Potencjalnie ważne dane w kontekście przyszłości polityki pieniężnej w strefie euro opublikuje dziś Europejski Bank Centralny (EBC) – o podaży pieniądza. Raport o wielkości podstawowych agregatów monetarnych w lutym zawiera informację o kształtowaniu się popytu na kredyt. W ubiegłym miesiącu, po raz pierwszy od lutego 2013 r., dynamika spadku pożyczek dla sektora prywatnego (w ujęciu rok do roku) okazała się niższa niż miesiąc wcześniej. Nadal jednak wielkość udzielanych kredytów jest niższa niż przed rokiem – sytuacja obserwowana nieprzerwanie od kwietnia 2012 r. Dzisiejsze dane dadzą odpowiedź czy rzeczywiście – na co wskazywałby odczyt za styczeń – najgorsze, jeśli chodzi o ten element gospodarki, już minęło. Czy też powtórzy się sytuacja sprzed roku, kiedy również w jednym z miesięcy pojawiła się nadzieja na odrodzenia popytu na kredyt, po czym w połowie roku sytuacja uległa silnemu pogorszeniu. Słaby wynik to informacja negatywna dla wspólnej waluty. Może ona ponownie wzmóc oczekiwania na podjęcie dodatkowych działań łagodzących warunki udzielania pożyczek przez EBC. Część obserwatorów dopuszcza możliwość zastosowania najprostszego z rozwiązań – obniżki stóp procentowych – już na najbliższym posiedzeniu. W naszej ocenie, nawet w przypadku słabego wyniku w dzisiejszych danych oraz dalszego spadku inflacji (wstępny odczyt CPI z Niemiec w piątek, dla całej strefy w poniedziałek), w kwietniu nie dojdzie do cięcia oprocentowania (w tym stopy depozytowej poniżej 0 proc.). Dopiero 2-3 miesiące, widocznego w wielu wskaźnikach, nawrotu tendencji deflacyjnych, da podstawy do podjęcia takiej decyzji. W takim przypadku możliwe jest również wykorzystanie niestandardowych narzędzi polityki pieniężnej (łagodzenia ilościowego), których możliwość zastosowania dopuścił ostatnio prezes Bundesbanku, J. Weidmann.

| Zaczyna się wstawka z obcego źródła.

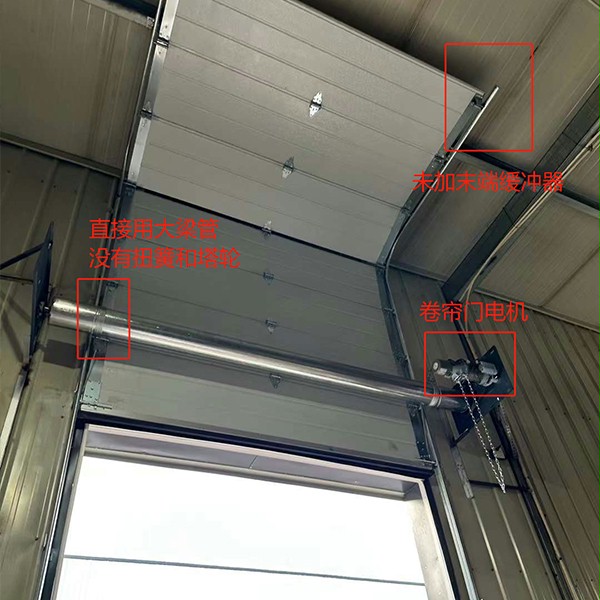 小厂制作的提升门 小厂制作的提升门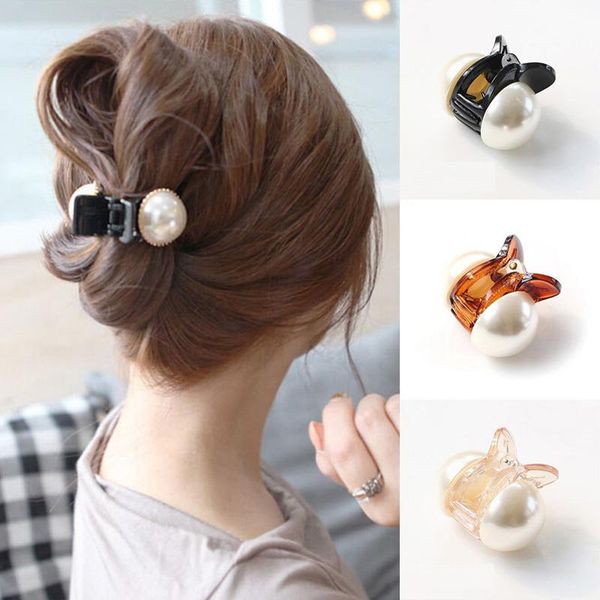hair accessories fashion big pearls claw mini round flower crab clips styling make up tool women girls headwear
hair accessories fashion big pearls claw mini round flower crab clips styling make up tool women girls headwear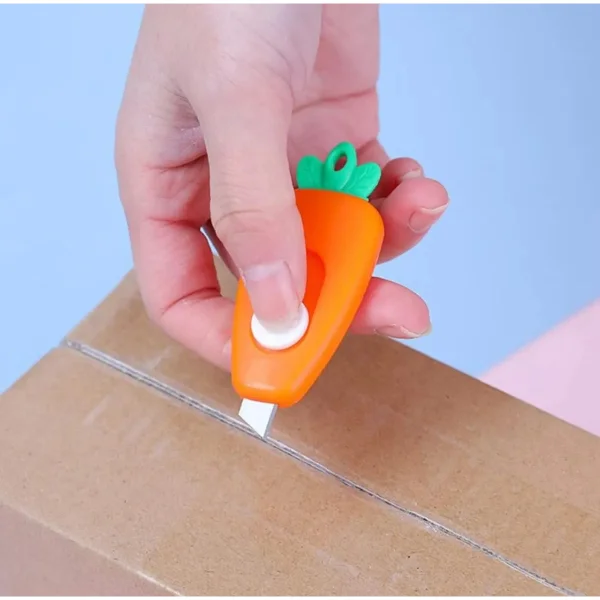 Mini Maket Bıçağı - Karışık Sevimli Tasarımlar görsel 3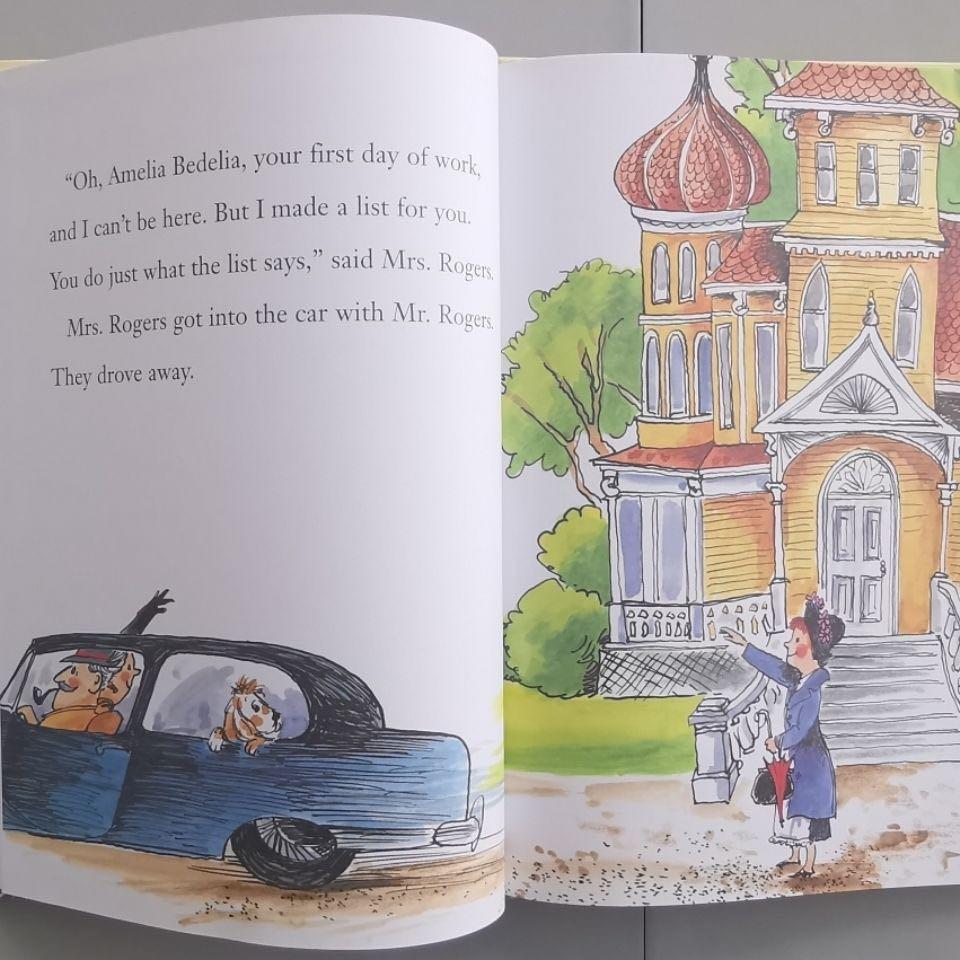 原版特價英文精裝名家繪本I Can Read - Amelia Bedelia, 興趣及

Póki co, jednak ożywienie w strefie euro nabiera rozpędu. Nie ma nowych, negatywnych sygnałów. Polityka monetarna EBC pozostanie akomodacyjna, ale intensyfikacja działań bez istotnego pogorzenia koniunktury jest mało realna.

EURPLN: Kurs spadł wczoraj poniżej wsparcia z okolic 4,1900 i w szybkim ruchu dotarł do kolejnej bariery obrony byków, czyli 4,1750. Złoty wspierany jest w ostatnich dniach wzrostem apetytu na aktywa rynków wschodzących oraz względną stabilizacją sytuacji na Ukrainie. Poziom 4,1750 to potencjalnie ważne wsparcie. Wyznaczają je marcowe minima. Tam przebiega również linia trendu wzrostowego poprowadzona przez dołki z lutego. Spodziewamy się, że w rejonie tej ceny spadki w krótkim terminie zostaną powstrzymane.

EURUSD: Rynek powrócił w okolice minimów z dnia po publikacji komunikatu Rezerwy Federalnej. Ta kluczowa bariera to 1,3760, od której kurs oddalony jest obecnie zaledwie o ok. 10 pipsów. Oczekujemy kontynuacji spadkowej tendencji kursu. Testowanie wspomnianej wyżej ceny jest dziś bardzo prawdopodobne. Niewykluczone, że uda się ją przełamać już podczas tej sesji, choć lepszą ku temu okazją może być jutrzejsza publikacja wstępnych danych o inflacji CPI z Niemiec lub w poniedziałek z całej strefy euro.